Semua itu adalah pilihan, jika pada akhirnya mereka memutuskan untuk mengurus anak dan menjadi ibu rumah tangga, atau mereka memutuskan untuk tetap bekerja walalupun telah menjadi seorang ibu, semua itu boleh-boleh saja dilakukan. Tidak ada yang salah jika harus menjadi ibu rumah tangga dengan pendidikan tinggi yang pernah mereka tempuh. Hal tersebut seharusnya bisa membuat mereka, menanamkan pemikiran dan asuhan yang tepat agar nantinya, anak-anak mereka memiliki pola pikir yang baik tentang keberadaan perempuan.

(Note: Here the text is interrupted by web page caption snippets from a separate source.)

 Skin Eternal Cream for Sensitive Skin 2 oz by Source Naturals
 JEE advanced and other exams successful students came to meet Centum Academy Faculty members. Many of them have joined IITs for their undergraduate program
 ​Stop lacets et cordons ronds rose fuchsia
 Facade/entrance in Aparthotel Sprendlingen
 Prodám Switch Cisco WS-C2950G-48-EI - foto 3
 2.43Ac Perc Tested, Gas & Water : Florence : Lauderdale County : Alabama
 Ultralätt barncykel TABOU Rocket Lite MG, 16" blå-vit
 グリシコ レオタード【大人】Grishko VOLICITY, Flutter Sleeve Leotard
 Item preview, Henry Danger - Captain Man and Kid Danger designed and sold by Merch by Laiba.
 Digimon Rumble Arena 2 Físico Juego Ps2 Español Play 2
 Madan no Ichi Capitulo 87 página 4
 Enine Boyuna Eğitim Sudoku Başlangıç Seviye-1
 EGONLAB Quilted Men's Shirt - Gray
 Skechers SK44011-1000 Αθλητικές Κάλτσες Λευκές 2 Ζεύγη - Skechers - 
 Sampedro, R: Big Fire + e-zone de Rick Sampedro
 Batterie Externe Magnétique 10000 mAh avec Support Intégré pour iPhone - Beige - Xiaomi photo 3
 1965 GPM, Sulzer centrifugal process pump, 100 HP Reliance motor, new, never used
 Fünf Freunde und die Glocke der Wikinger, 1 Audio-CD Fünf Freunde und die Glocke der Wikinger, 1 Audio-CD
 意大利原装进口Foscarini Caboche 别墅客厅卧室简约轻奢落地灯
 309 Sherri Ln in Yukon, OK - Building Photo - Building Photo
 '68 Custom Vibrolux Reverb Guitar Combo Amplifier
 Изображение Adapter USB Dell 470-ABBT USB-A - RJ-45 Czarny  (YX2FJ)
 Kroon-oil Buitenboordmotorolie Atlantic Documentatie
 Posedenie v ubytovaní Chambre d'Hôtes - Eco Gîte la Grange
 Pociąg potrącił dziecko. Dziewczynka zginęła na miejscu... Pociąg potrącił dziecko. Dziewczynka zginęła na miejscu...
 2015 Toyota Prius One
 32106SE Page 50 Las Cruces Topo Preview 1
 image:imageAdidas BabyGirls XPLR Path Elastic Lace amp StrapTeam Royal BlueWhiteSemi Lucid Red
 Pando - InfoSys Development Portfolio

Kita sebagai perempuan harus memahami terlebih dahulu, bahwa menghargai keputusan sesama perempuan adalah langkah paling awal untuk mematahkan stereotip masyarakat tentang kita. Karena kita bisa menghapuskan batas-batas itu jika kita menyadari bagaimana berdaya nya kita sebagai seorang perempuan. Kita punya andil besar dalam hidup kita sendiri. Langkah dan pilihan yang kita buat, bisa menentukan bagaimana selanjutnya keberadaan kita diakui dan dihargai. Percayalah bahwa kita juga berhak menentukan pilihan kita sendiri.